Later, Bush hoped to raise $1.5 million for Republicans including Rep. Saxby Chambliss of Georgia, campaigning to face Democratic Sen. Max Cleland, and more than $1 million on Thursday for Texas Attorney General John Cornyn's bid for the seat being vacated by retiring Republican Sen. Phil Gramm.
In a time-honored tradition, the White House scheduled official events at each stop in this case arranging for the president to meet firemen and police who cope with catastrophes like the Sept 11 attacks thereby making the federal government pay for the bulk of his travel costs rather than the candidates.
The campaign finance law, passed after a seven-year struggle in Congress, bans unlimited "soft money" to national political parties, which have raked in hundreds of millions of dollars in such cash in recent years.
In addition, the law sharply limits such contributions to state and local political parties, restricts broadcast ads by outside groups shortly before elections and doubles to $2,000 the amount of highly regulated "hard money" contributions to individual congressional and presidential candidates.
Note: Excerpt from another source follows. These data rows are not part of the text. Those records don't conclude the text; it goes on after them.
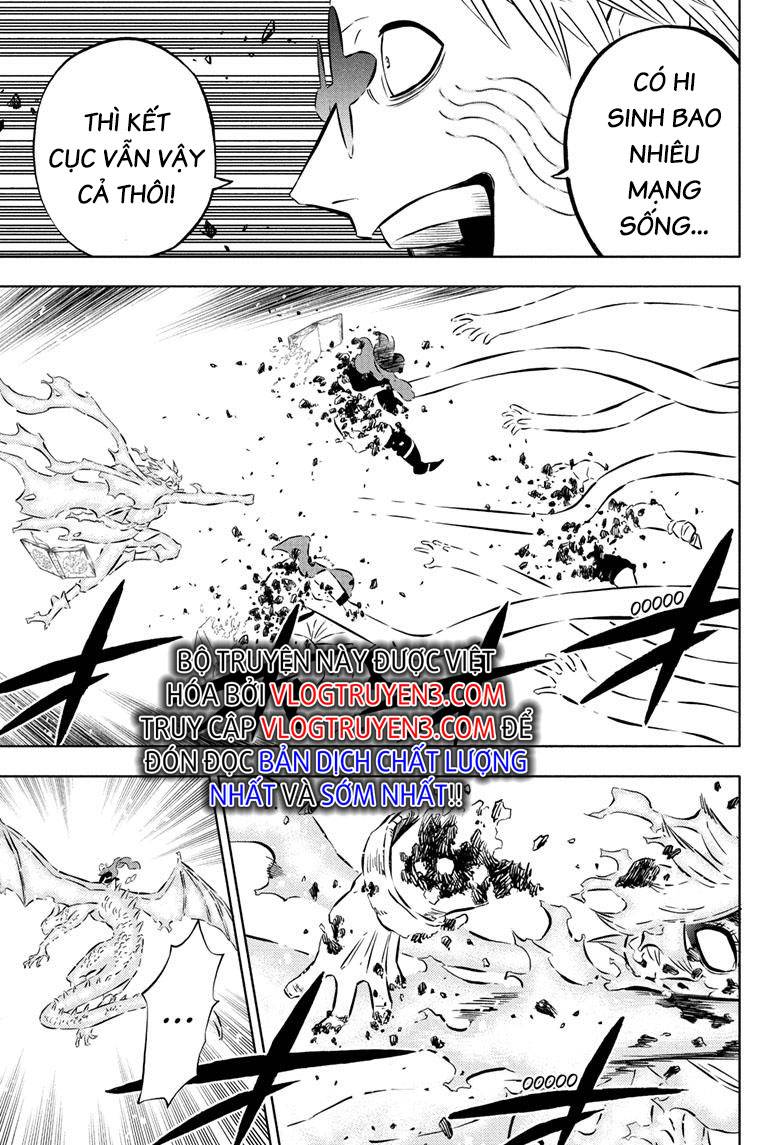 Pháp Sư Không Phép Thuật: Chapter 358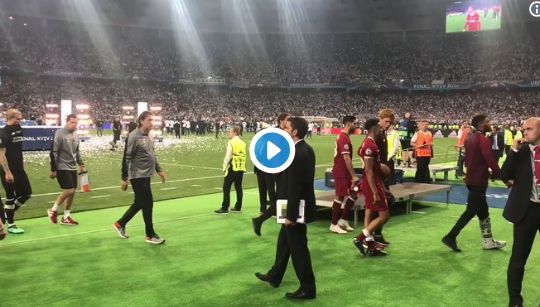 karius video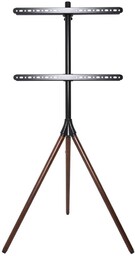 Techly 362572 Stojak podłogowy do telewizora LED/LCD, 32-65'',
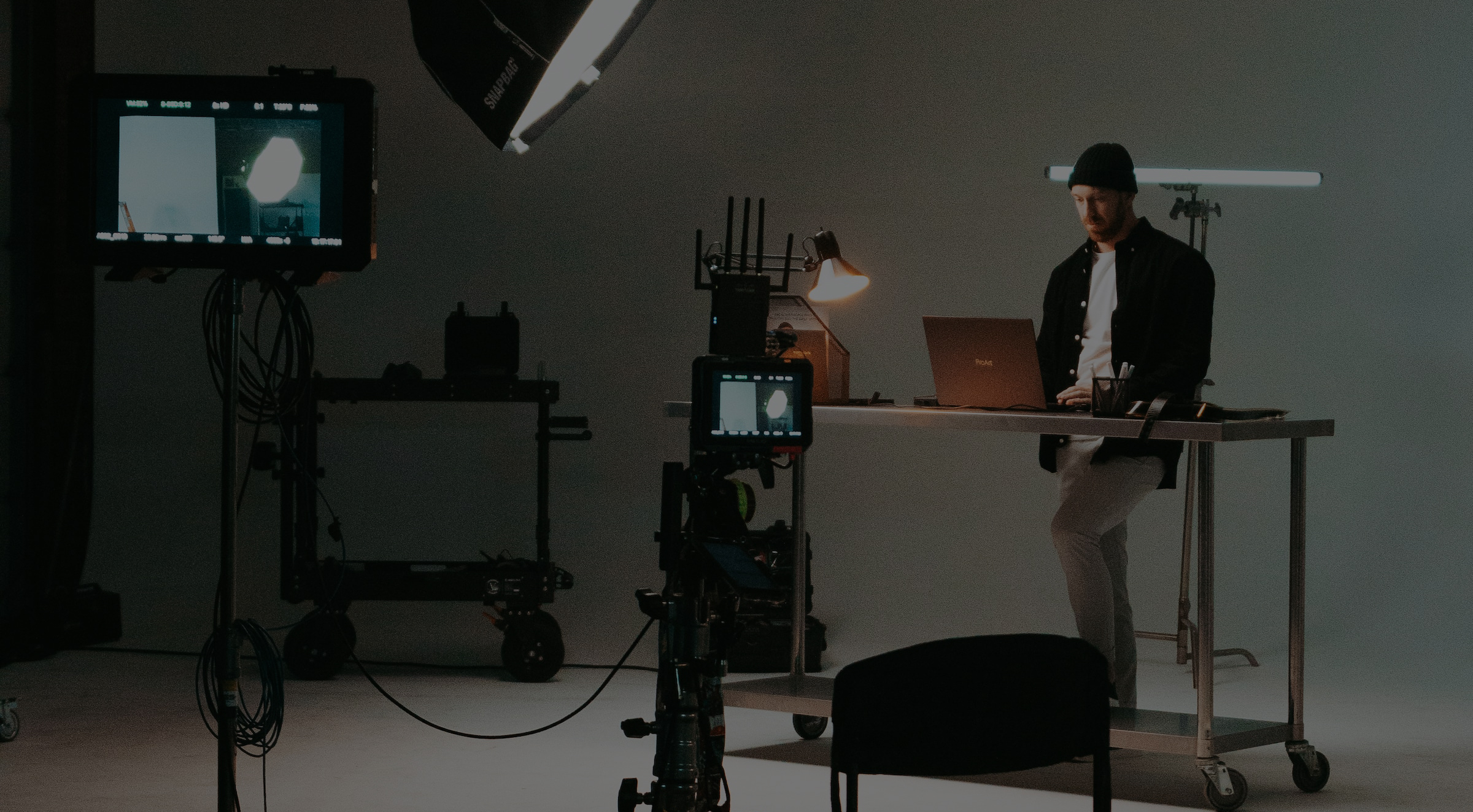 red5 studio creators jakob owens t streaming studio for creators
In a written statement, Bush praised some of the law's provisions, including the "soft money" limits, the increased individual contribution limit and new disclosure requirements saying they would "go a long way toward fixing some of the most pressing problems in campaign finance today."
But Bush said he would have preferred a bill that included paycheck protection a provision to protect union members and company shareholders from "involuntary political activities" undertaken by their leadership.
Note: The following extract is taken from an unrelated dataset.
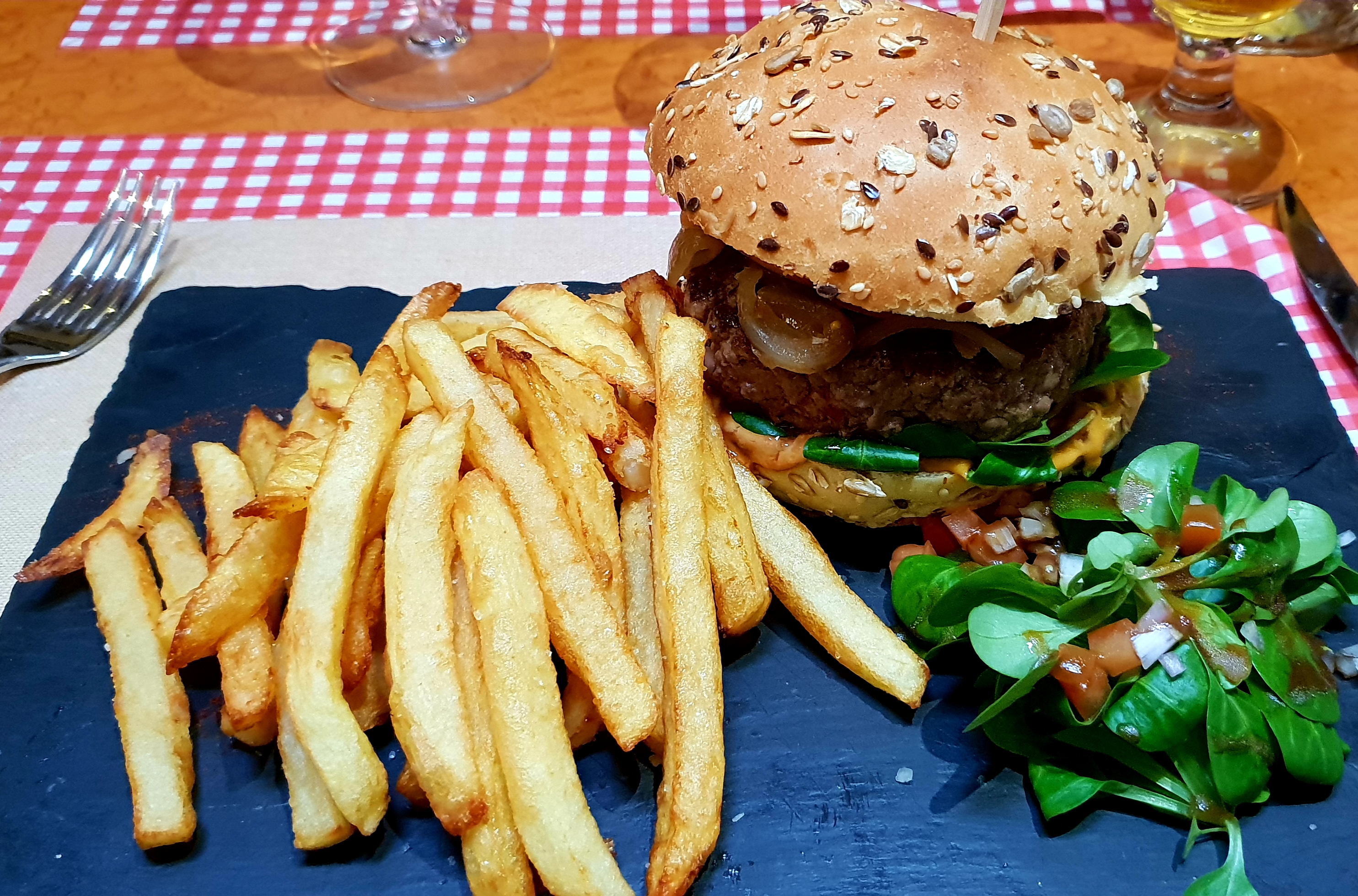 Photo n° 1 de l'avis de JEREMY.E fait le 25/01/2019 à 19:05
"The bill does have flaws," the president said, adding that he expected the courts to resolve "legitimate legal questions" about the constitutionality of its broad ban on issue advertising.
Both parties remain unsure who would benefit politically in the new world of campaign finance, but supporters contend that the law will help curb big donors from effectively buying access to the halls of power where they can sway lawmakers.
Campaign finance reform gained momentum earlier this year with the collapse of energy giant Enron Corp, which critics say lavished contributions on both Republicans and Democrats to gain access to Capitol Hill and influence policy.
The law's most ardent congressional proponent was Sen. John McCain, the maverick Arizona Republican who made the issue a centerpiece of his losing run against Bush for the Republican presidential nomination in the 2000 election. They other key advocate in the Senate was Sen. Russell Feingold, a Wisconsin Democrat. (Compiled from wire reports)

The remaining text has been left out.